According to Scrum, The Product Goal is the commitment to the Product Backlog. But what does that really mean? How does a Product Goal differ from a Sprint Goal? How does a Product Goal relate to the Product Vision or Product Strategy?

First some more detail on what these things are and why they are important

Product Goal

  • The Product Goal is a simple directional statement that defines an objective and purpose (the “why”) for the work in the Product Backlog.
  • It should be motivational, directional, tangible, measurable, and concise.
  • The Product Goal exists in the Product Backlog.
  • Not every Product Backlog Item in the Product Backlog needs to relate to the current Product Goal.
  • There is only one Product Goal for the Product Backlog at any one time, although it could address multiple objectives.
  • As each Increment is produced, the product incrementally moves toward the Product Goal.

Sprint Goal

  • The Sprint Goal is a simple directional statement that defines an objective and purpose (the “why”) for the work in the Sprint Backlog.
  • It should be motivational, directional, tangible, measurable, and concise.
  • The Sprint Goal exists in the Sprint Backlog.
  • Not every Product Backlog Item in the Sprint Backlog needs to contribute to the Sprint Goal.
  • There is only one Sprint Goal for the Sprint Backlog at any one time, although it could address multiple objectives.
  • As each Sprint Goal is achieved, the product incrementally moves toward the Product Goal.

As you can see, the definition of the Product Goal and Sprint Goal are near identical with the scope of each being the only real difference.
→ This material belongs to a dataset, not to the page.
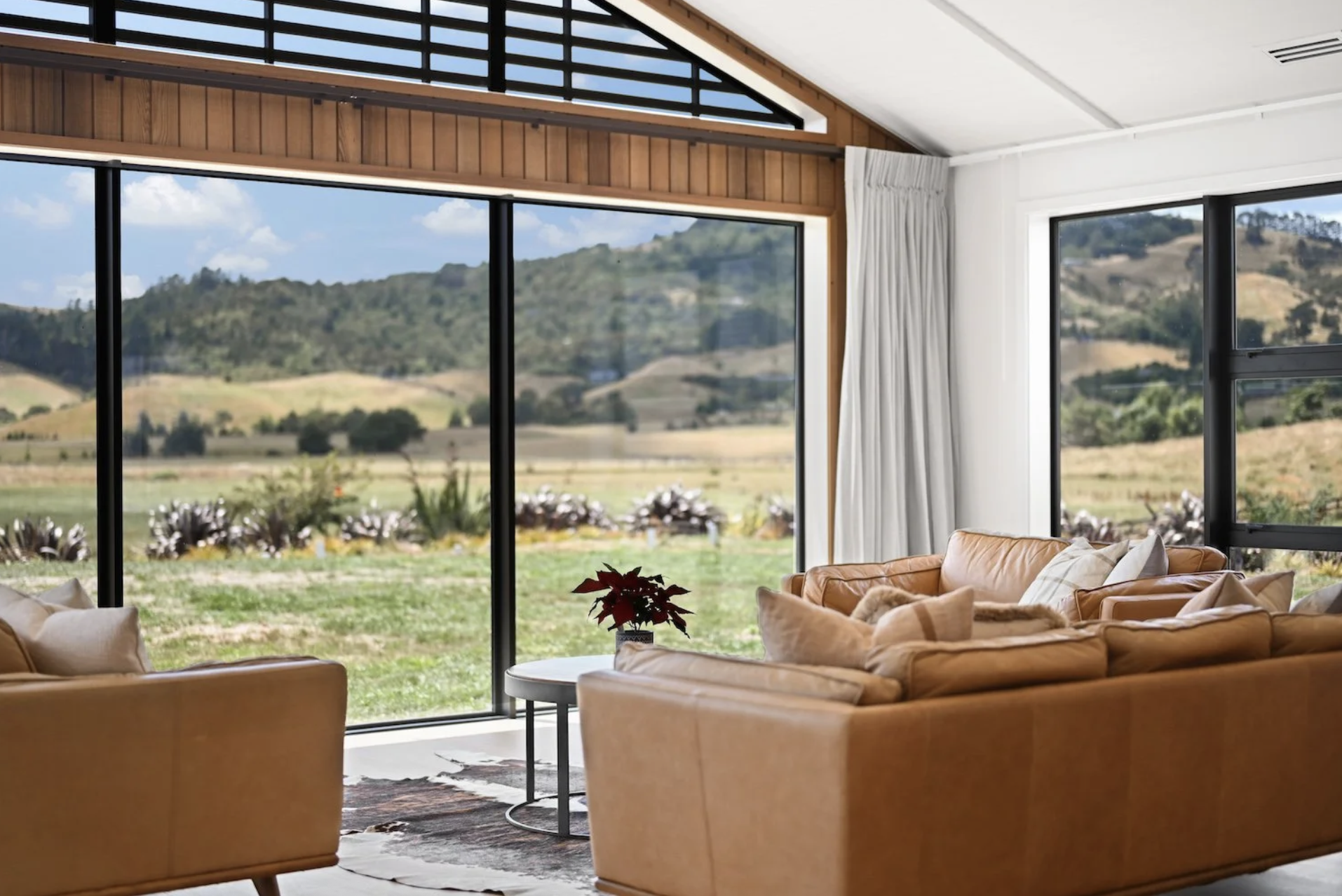 Custom Home Pricing Waikato: Why Square-Metre Rates Don’t Tell the Full Story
This is because they serve a similar purpose over a different time period.

Product Vision, Product Strategy & Product Roadmaps are outside of the scope of Scrum and therefore not covered by the Scrum Guide. However, they are commonly used complementary good practices, so it is worth describing them in the context of the Product Goal & Sprint Goals.

Product Vision – There may also be a Product Vision that describes the Product Goal in more detail or it may describe a much higher level narrative where the Product Goal (or a series of Product Goals) is the first step towards that much bigger vision.
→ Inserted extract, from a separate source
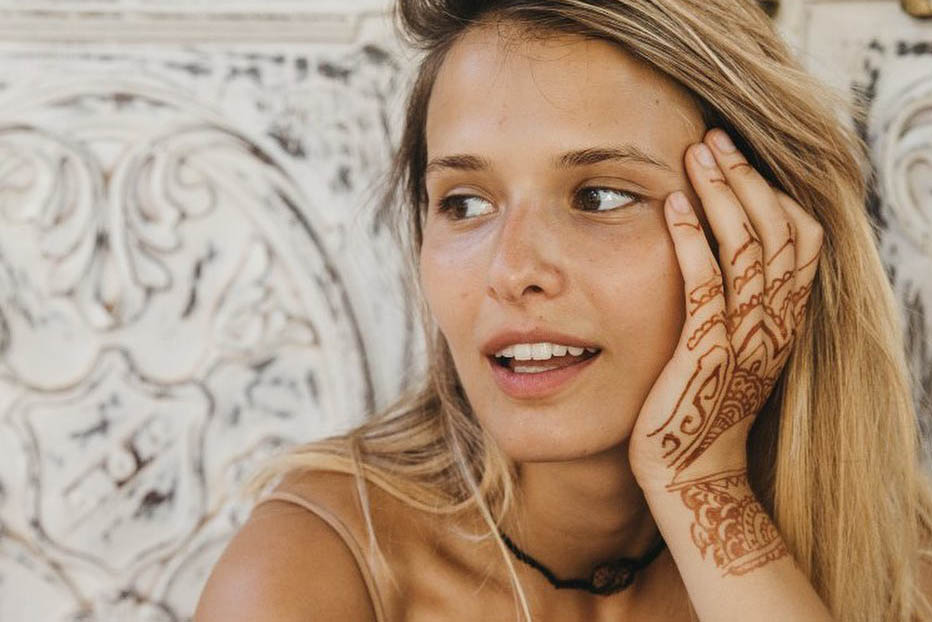 «Храни вас Бог»: Любовь Аксенова шокировала поклонников фотографией в гробу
Product Strategy & Product Roadmap – A Product Strategy or Product Roadmap often provides a directional plan for realising the Product Goal (or a series of Product Goals). Product Goals are the milestones on a Product Roadmap that teams need to target to realise their Product Vision.

Why are Product Goals & Sprint Goals important?

“Artifacts that have low transparency can lead to decisions that diminish value and increase risk. Transparency enables inspection. Inspection without transparency is misleading and wasteful.”
The Scrum Guide

The commitment contained in each artifact (Product Goal, Sprint Goal and Definition of Done) is intended to improve the transparency around the associated artifact. This enables better inspection and adaptation which ultimately leads to a more effective empirical approach. Empiricism is deciding what to do next based on what we learn, informed by data, and feedback. Empiricism is what Scrum is all about.

Why can we only work on 1 Product Goal at a time?

“The Product Goal is the long-term objective for the Scrum Team. They must fulfil (or abandon) one objective before taking on the next.”
The Scrum Guide

Many leaders are ineffective at setting clear priorities. They either do not (or cannot) prioritise, do not clearly communicate the priorities when set, or set many (e.g. 5+) top priorities (the “everything is a priority, therefore, nothing is a priority” situation).

The result of all or any of these is that the people closest to the work (and often the most junior people) get to set the priorities in practice. This is not a situation you want to be in as they are unlikely to have access to all the information they would need to make good decisions. The big priorities should be set by someone who has the big picture.

Picking one tangible, measurable, and succinct Product Goal provides real guidance on what is most (potentially) valuable to the Scrum Team and stakeholders. It leaves less space for ambiguity. Less can be more!

The intention around the Product Goal is to ensure focus and transparency around what is most important to achieve and why.

Now, of course, there are some possibilities left available for us here. The Product Goal could address multiple objectives. This may reduce focus and transparency, but may be appropriate under certain conditions.